China’s contrast with the US is not moral but structural. America’s liberal-pluralist system allows economic power to translate more easily into political influence, while also producing chronic elite overproduction. China’s system suppresses open elite competition, relying heavily on performance legitimacy and growth. Each model carries long-run risks that need to be adroitly managed, with China’s technocratic slant in its leadership team arguably giving it a leg up in this regard. Neither offers a simple template for the other.
AI rivalry — clash of the titans
The US-China AI rivalry features distinct national strategies: China emphasises integrating AI across entire sectors for immediate applications (the “AI+” model) in manufacturing and robotics, aiming for ubiquitous edge intelligence.

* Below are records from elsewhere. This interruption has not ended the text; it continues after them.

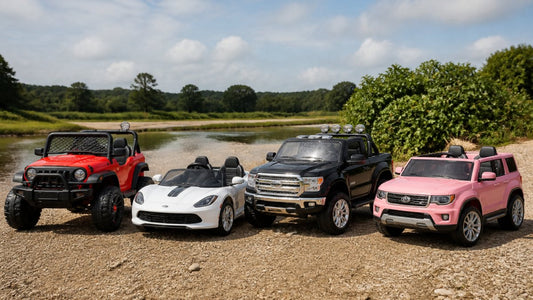 Best Freddo Alternatives for Ride-Ons: 2026 Guide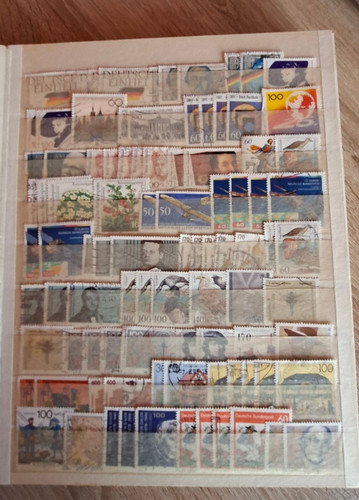 Brd briefmarken - brd,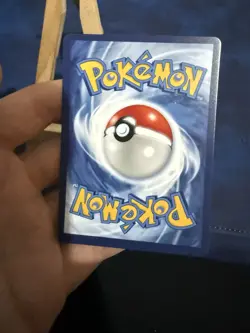Dark Meowth Pokemon Card DISPLAY ART CARD - Image 3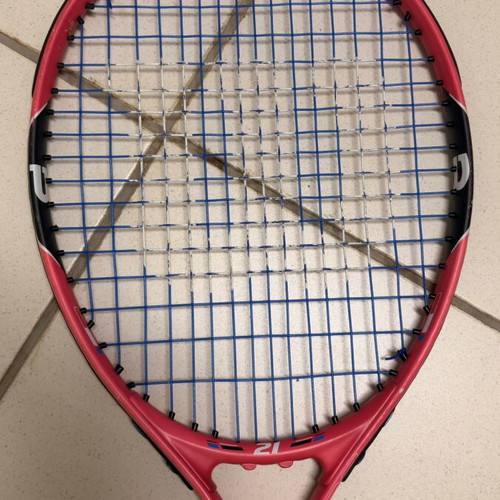 Wilson tennis racket number 21 for kids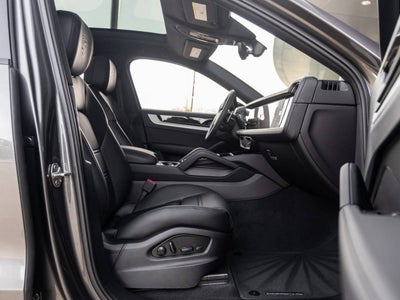 2026 Porsche Cayenne Coupe Cayenne S Coupe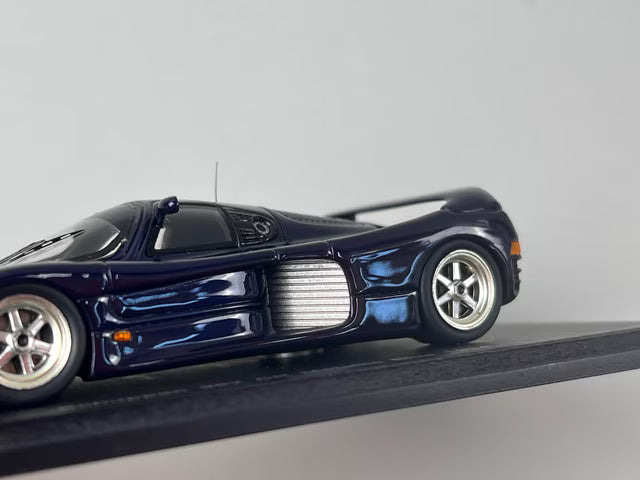 1:43 Spark KBS035 Porsche Schuppan 962 CR 1994 Blue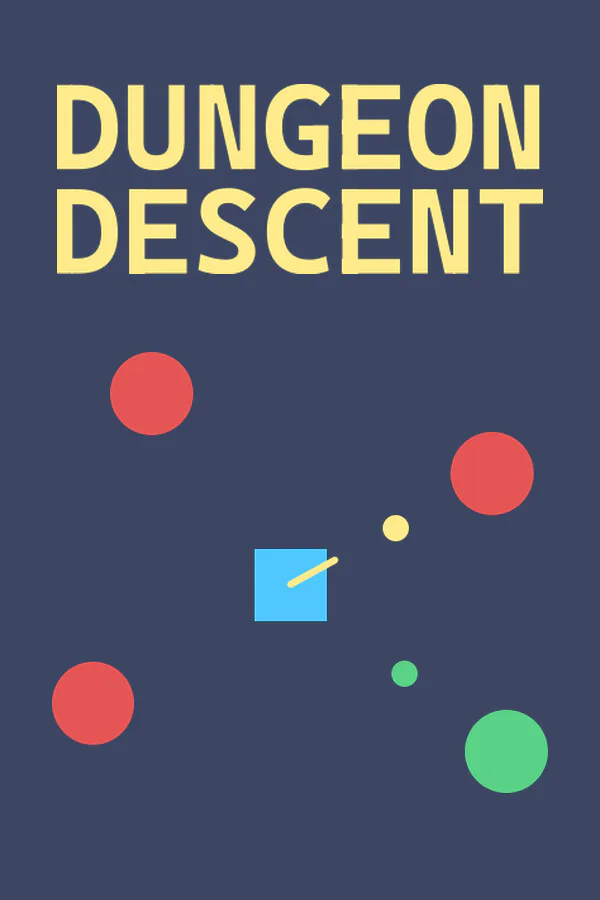 Copertina di Dungeon Descent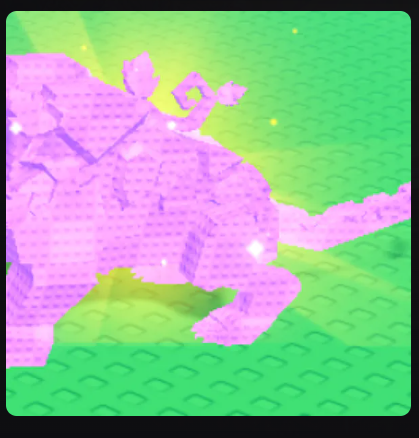 Jacko Lantern Gorgonops !! [RAINBOW] (Clean lvl . 0) Cheapest !! + Free Gift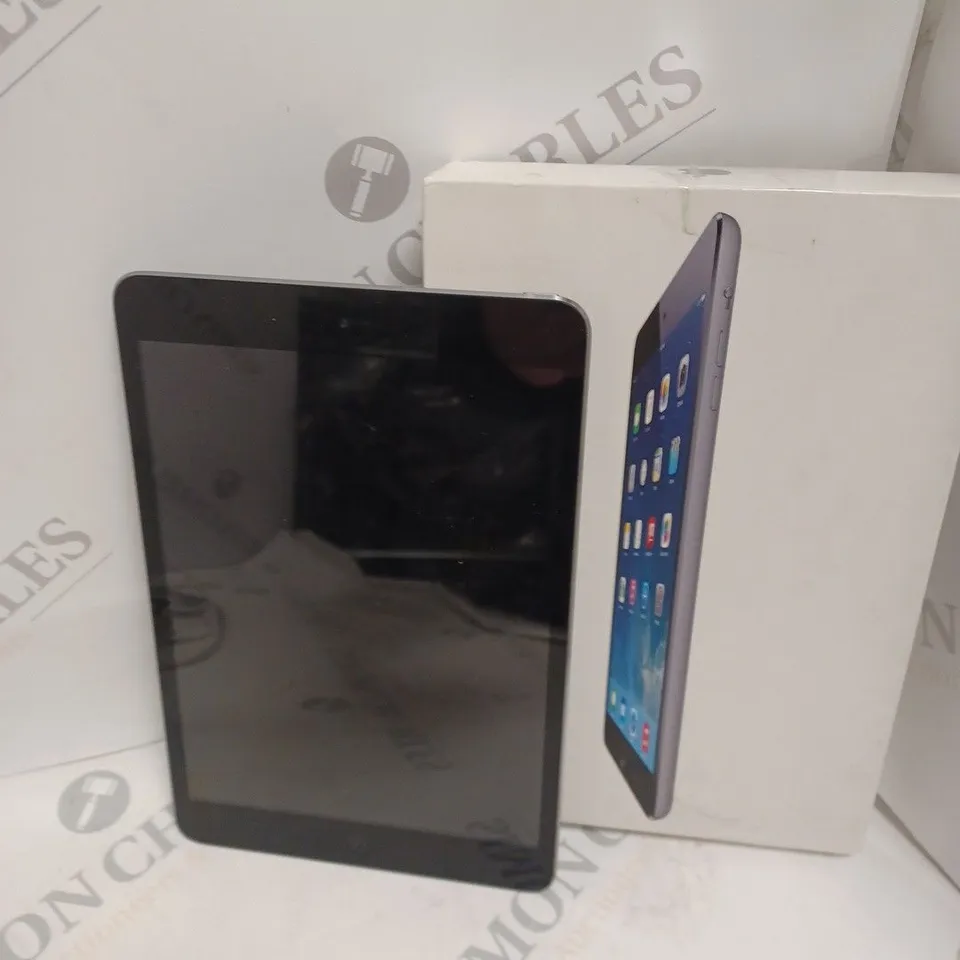 BOXED APPLE IPAD MINI MODEL A1432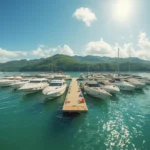 Marinas na Baixada Santista: Onde Guardar sua Lancha em Santos, Guarujá e Bertioga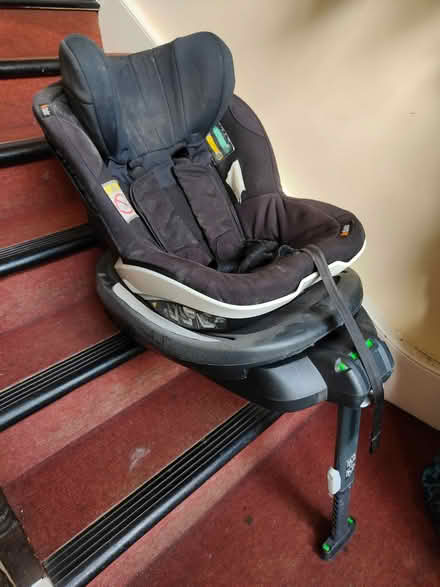 Photo of free BeSafe ISOfix Car Seat (Sneyd Park BS9) #1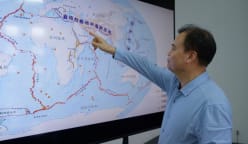 The Earthquake Detectives - Cracking the Prediction Code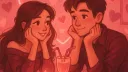 Heartstrings server banner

The US focuses on frontier AI, advanced chips, and the pursuit of Artificial General Intelligence (AGI), with private-sector dominance, though both nations also develop AGI concepts. The US leads in cutting-edge models and computing power. Still, China excels in practical deployment, creating a competition between a national strategy centred on fundamental research and one focused on widespread industrial adoption, with different paths to future AI dominance.
China’s “AI+” framework leads the global shift toward AI-driven transformation, moving beyond simple augmentation to reorganise entire industries. This approach focuses on integrating AI into robotics, manufacturing, and edge computing for immediate economic impact, leveraging China’s strengths in data, energy, and talent to deploy in real-world, “embodied” applications.
In contrast, the US approach focuses on developing the most advanced frontier AI models and pursuing Artificial General Intelligence (AGI). Dominated by large tech companies, the American strategy emphasises breakthroughs in core AI capabilities and chip technology — such as Nvidia — drawing on its strengths in advanced chip design, fundamental research, and vast AI compute resources.
Investment implications
Given the priority focus of China’s AI strategy, the investable universe of stocks within its AI infrastructure would include cloud service providers, semiconductor producers, power grid and energy infrastructure, and AI metals such as copper, aluminium, and related materials. This universe further encompasses energy storage systems (ESS) and the battery value chain, optical fibre, transceivers, and photonics, as well as cooling and thermal management and the broader server, rack and datacentre hardware ecosystem.
Dr Tan Kong Yam is a founding member and chairman (China) of APS Asset Management. He is also a professor of economics at the Nanyang Technological University.